## EXERCISE:
Take the data below and write it out exactly, except for the pictures.

##### GIVEN DATA

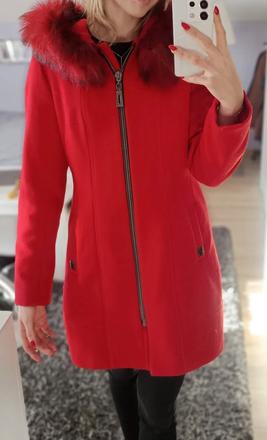 Luxusný vlnený kabát adrianno damianii, xl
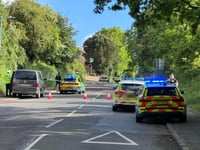 Abergavenny road shut off by police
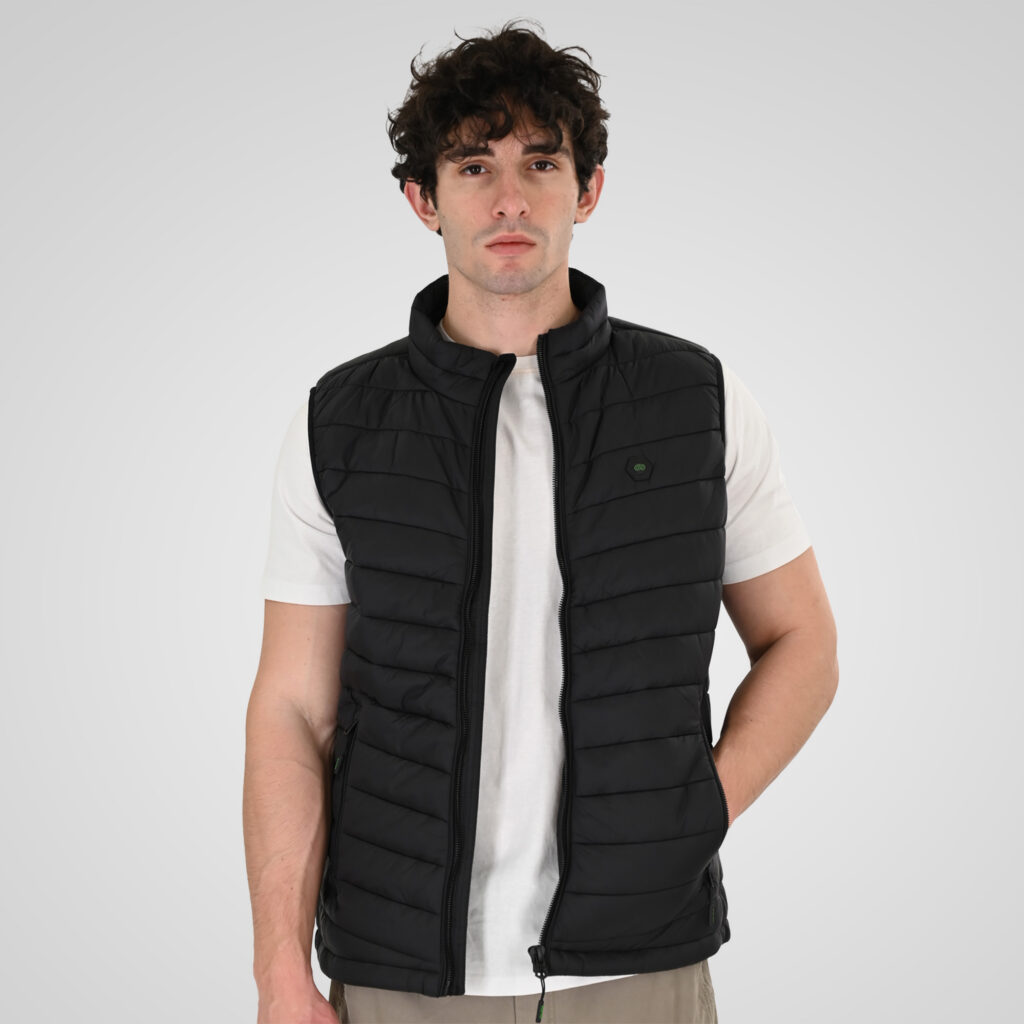 261SMJK-2082 JACKETS SLEEVELESS PADDED BLACK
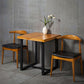 Industrial Solid Wood Dining Table Brown Trestle Dining Table for Dinning Room Clearhalo ' dining_table' 'Dining Tables & Seating' 'Dining Tables' 'furn' 'furn_dining_table' 'Furniture' 'furniture_dining_table' 'Kitchen & Dining Furniture' 'kitchen&dining_furn' 'kitchen' 'kitchen_dining_table' 1200x1200_82b7ee4a-1808-4636-846a-1925006b0b61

##########

## WRITTEN REPLY:
 Luxusný vlnený kabát adrianno damianii, xl
 Abergavenny road shut off by police
 261SMJK-2082 JACKETS SLEEVELESS PADDED BLACK
 Industrial Solid Wood Dining Table Brown Trestle Dining Table for Dinning Room Clearhalo ' dining_table' 'Dining Tables & Seating' 'Dining Tables' 'furn' 'furn_dining_table' 'Furniture' 'furniture_dining_table' 'Kitchen & Dining Furniture' 'kitchen&dining_furn' 'kitchen' 'kitchen_dining_table' 1200x1200_82b7ee4a-1808-4636-846a-1925006b0b61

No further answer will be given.